Sí, el techno no es lo mío. Es el mismo ritmo una y otra vez durante muchísimo rato y, al menos para mí, acaba siendo aburrido. Soy más de drum and bass. Pero si te refieres a la tecnología, no, con eso no tengo ningún problema. Últimamente llevo una cámara 360 montada en la zapata de mi cámara de fotos para grabar lo que pasa detrás de cámaras, y la verdad es que ha sido muy divertido.

¿Cuáles han sido algunos de tus viajes más memorables?

Uno que se me quedó muy grabado fue en Oslo. Llevaba una semana allí haciendo fotos para K2 y mi equipo ya se iba, pero venía más nieve, así que reservé el apartamento de una habitación más barato que encontré y me pasé la semana siguiente moviéndome entre los equipos que aún quedaban. Moviéndome por la ciudad en transporte público y pillando Uber para ir y volver de los sitios. Fue muy divertido ir totalmente a mi aire.

 

¿El momento más alucinante que has vivido en un viaje?

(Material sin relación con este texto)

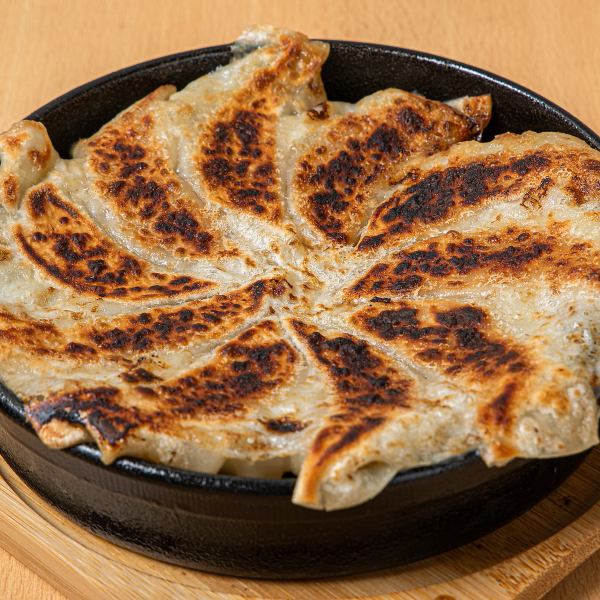 【パリッとジューシー！】≪鉄なべ餃子 5ヶ≫は絶品のひとくち！500円(税込)
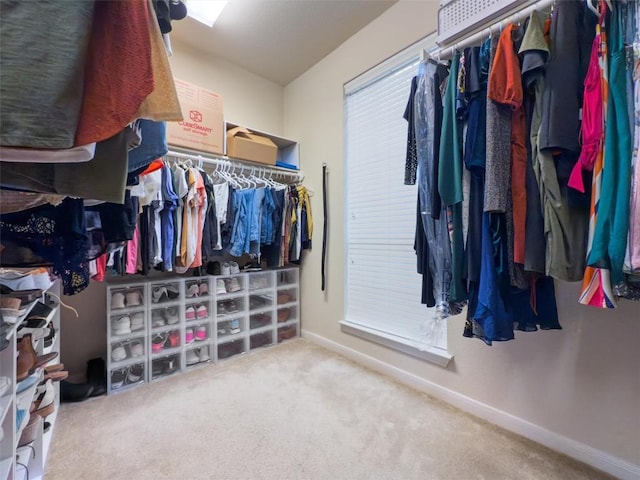 11404 Terrace Meadow Way, Manor, TX 78653 - walk in closet with carpet floors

Una vez, una mujer italiana intentó llevarse nuestra bolsa de cámaras y, cuando se la quitamos de las manos, nos lanzó una taza de té. Una vez también me persiguió por el bosque un urogallo, un ave muy bonita, parecida a un pavo, pero bastante territorial. La verdad es que se veía bastante demoníaco mientras nos hacía salir de su territorio.

 

¿Qué importancia tiene el equipo con el que viajas?

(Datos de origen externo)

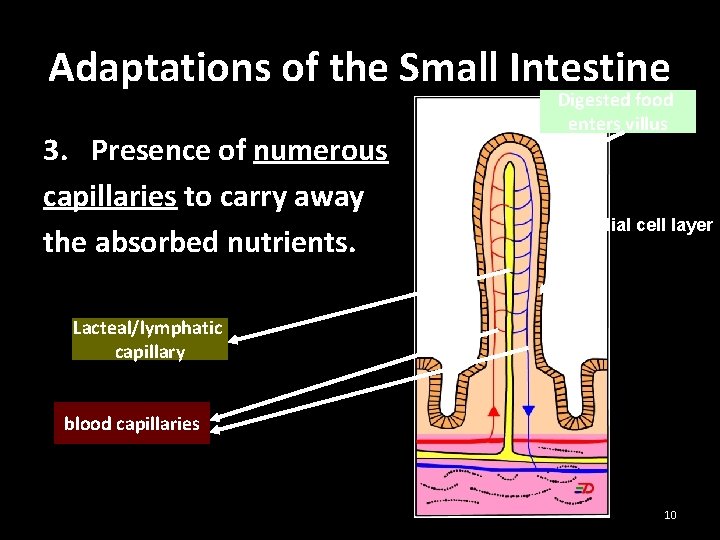 Adaptations of the Small Intestine 3. Presence of numerous capillaries to carry away the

Normalmente nos alojamos en sitios baratos o en furgonetas, así que es clave rodearse de buena gente. También me mola hacer fotos con gente que no se lo toma demasiado en serio y sabe disfrutar del momento. Al fin y al cabo, solo estamos saltando de un sitio a otro, no es que estemos cambiando el mundo precisamente.

¿Alguien destacado con el que te gustaría hacer una sesión fotográfica?

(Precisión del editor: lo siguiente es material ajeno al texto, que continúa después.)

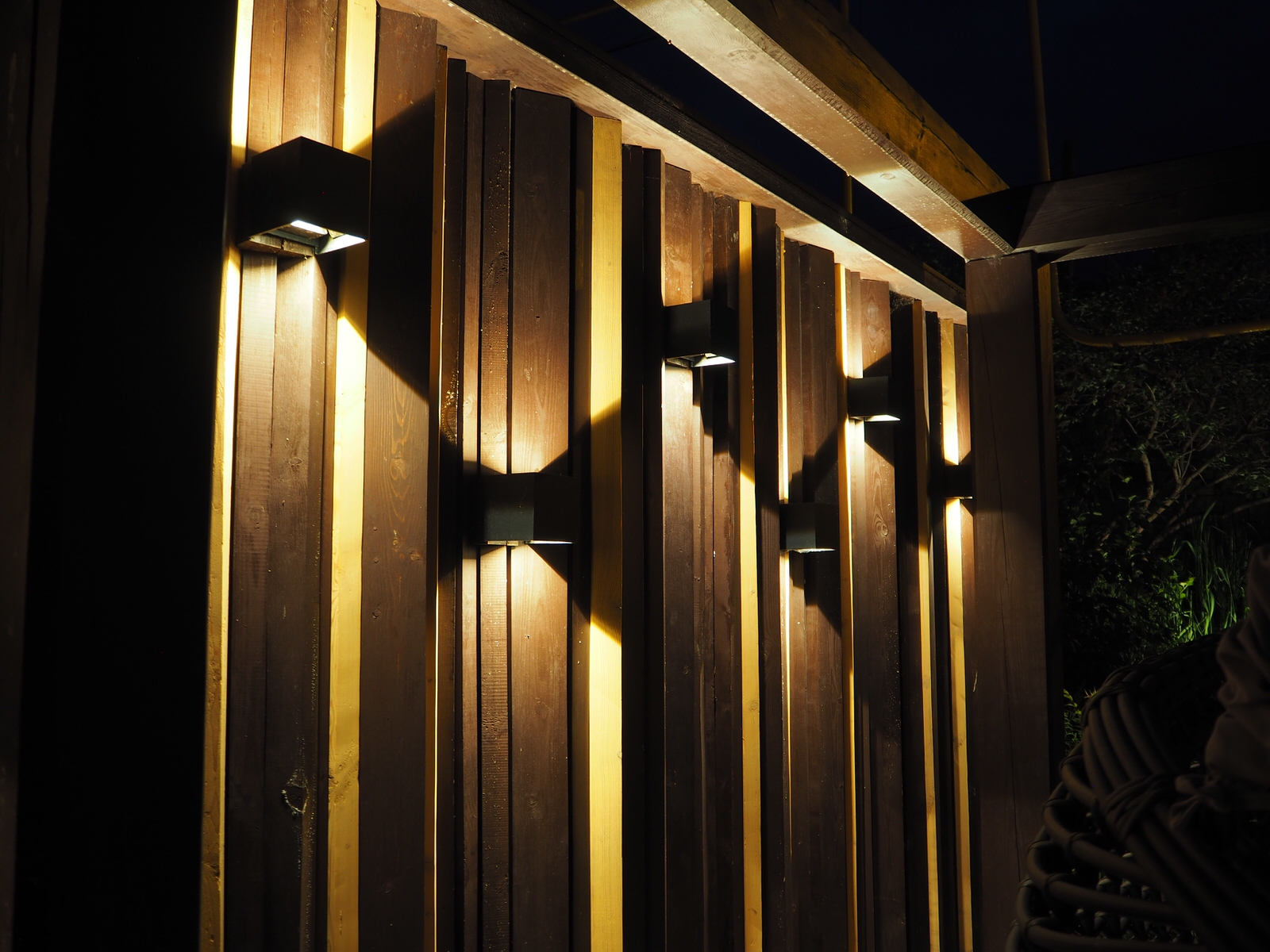 Сад с розами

Sparrow Knox es de mis favoritos, porque lo puedes llevar a cualquier sitio y siempre va a encontrar la forma de hacer snow y pasarlo bien. Hundi es otra de ellas; su energía siempre anima al equipo. Halldór Helgason también es un auténtico fenómeno: puede caerse de cabeza, pero mantiene siempre una actitud positiva.

 

¿Tus lugares favoritos para rodar?

Cualquier lugar donde haya arquitectura moderna o brutalista. Normalmente me fijo primero en la estética y luego pienso en cómo encajar el snow y el skate en el encuadre. Las estructuras gigantes de hormigón son mis favoritas sin lugar a dudas.

 

¿Cuáles son algunos de los retos a los que te has enfrentado?

Sinceramente, conseguir un flujo constante de encargos es el mayor reto al que se enfrenta un fotógrafo autónomo. Pero, en lo que respecta a hacer fotos, puede resultar complicado cuando nieva de lado y todo el equipo se moja o la cámara no puede enfocar debido a los copos de nieve.

 

¿Algún último mensaje para internet?

La cortesía da muy buenos resultados. Y no te quedes mirando tu lengua demasiado tiempo en el espejo, es raro.